Compared with traditional surgical hemodynamic support measures, percutaneous cardiac assist devices (pVAD) are less invasive and result in better outcomes, shorter lengths of stay, better survival rates and lower cost in patients with cardiogenic shock (CS), according to a study published online Jan. 13 in Catheterization and Cardiovascular Interventions.
Brijeshwar Maini, MD, of PinnacleHealth in Harrisburg, Penn., and colleagues used national and statewide data from 23 states on more than 1,000 patients with acute MI and CS who received pVAD therapy (including an Impella device manufactured by Abiomed) or traditional surgical hemodynamic support using extracorporeal membrane oxygenation or a left ventricular assist device with an intra-aortic balloon pump if deemed necessary by the physician.
They also collected financial and clinical data related to 30 patients who presented similarly and received an Impella 2.5 device between 2009 and 2011 at PinnacleHealth and made comparisons to national data.
Survival was better among pVAD patients (56 percent vs. 42 percent), and these patients also had a shorter length of stay (13.2 days vs. 17.9 days for traditional surgical alternatives).
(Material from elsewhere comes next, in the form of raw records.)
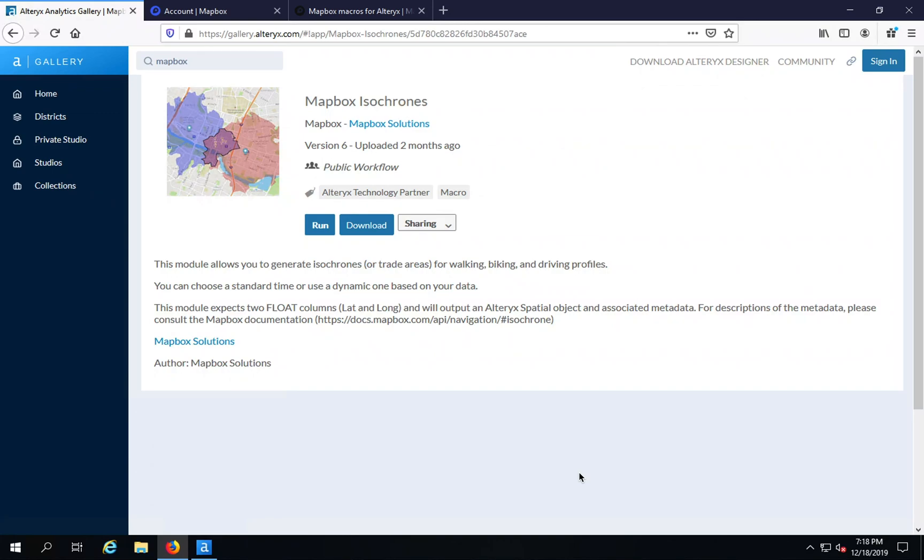Today I'm going to show you how to use the Mapbox Isochrones macro for Alteryx Designer. This macro allows you to take coordinates and generate trade areas based on walking, biking, or driving profiles. You can do static generation or use dynamic values based on data in your workflow. It's very simple to get started.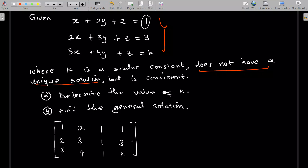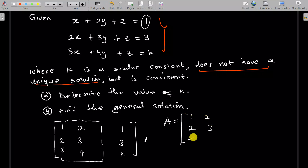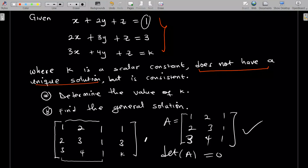Let me clarify what it means for a system to have a unique solution. If a system has a unique solution, then the coefficient matrix — let's call it A, which is formed by the left-hand side — would have a nonzero determinant. In our case, the determinant of that matrix A is zero, which is why the system does not have a unique solution.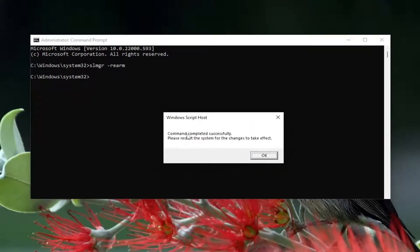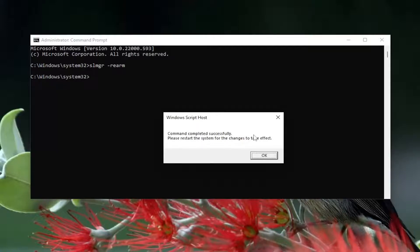It should say 'Command completed successfully. Please restart the system for the changes to take effect.' Select OK.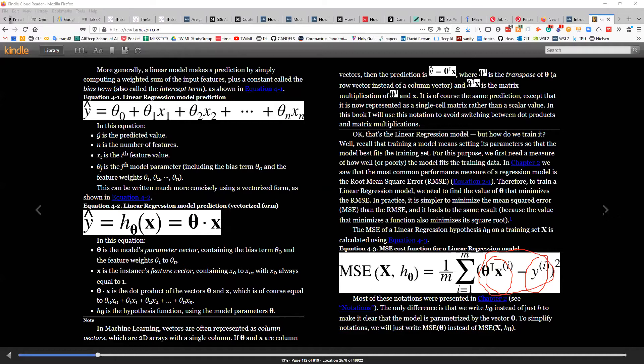As seen in previous chapters we had absolute difference; here we use mean squared error. The squared error is the error term squared. If we have 100 samples we take the mean of the errors — hence mean squared error.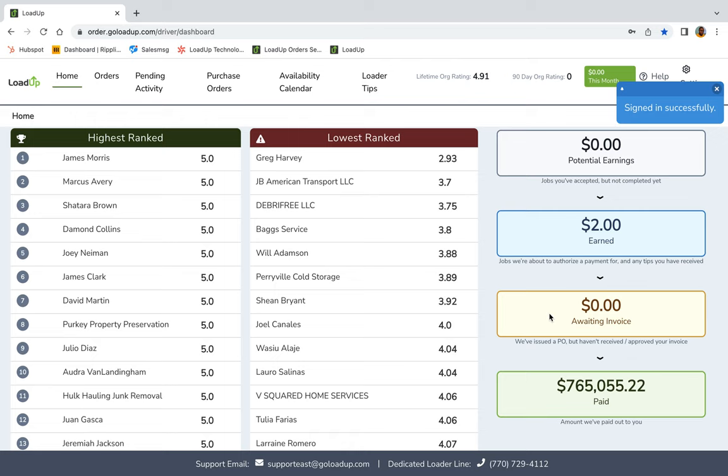Waiting invoice - we've issued a purchase order but haven't received or approved your invoice. Basically this will have a money amount on Tuesdays, the day that we usually send out our purchase orders. So you'll see them there. And then paid, how much money that you've made with LoadUp. Do not worry about this number guys, this is just a test account.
Admission costs were also significantly lower for pVAD patients ($90,929 vs. $144,257).
The PinnacleHealth patients who had pVAD therapy had a higher survival rate, a shorter length of stay of six days and admission costs of $53,850 compared with the surgical alternatives.
The authors argued that their data suggest the pVAD strategy may be most in line with the cost-saving and outcomes-improving goals of the modern U.S. healthcare system.
“With no incremental cost and a beneficial survival trend, pVADs are a dominant, cost-effective technology for this challenging patient population,” they wrote.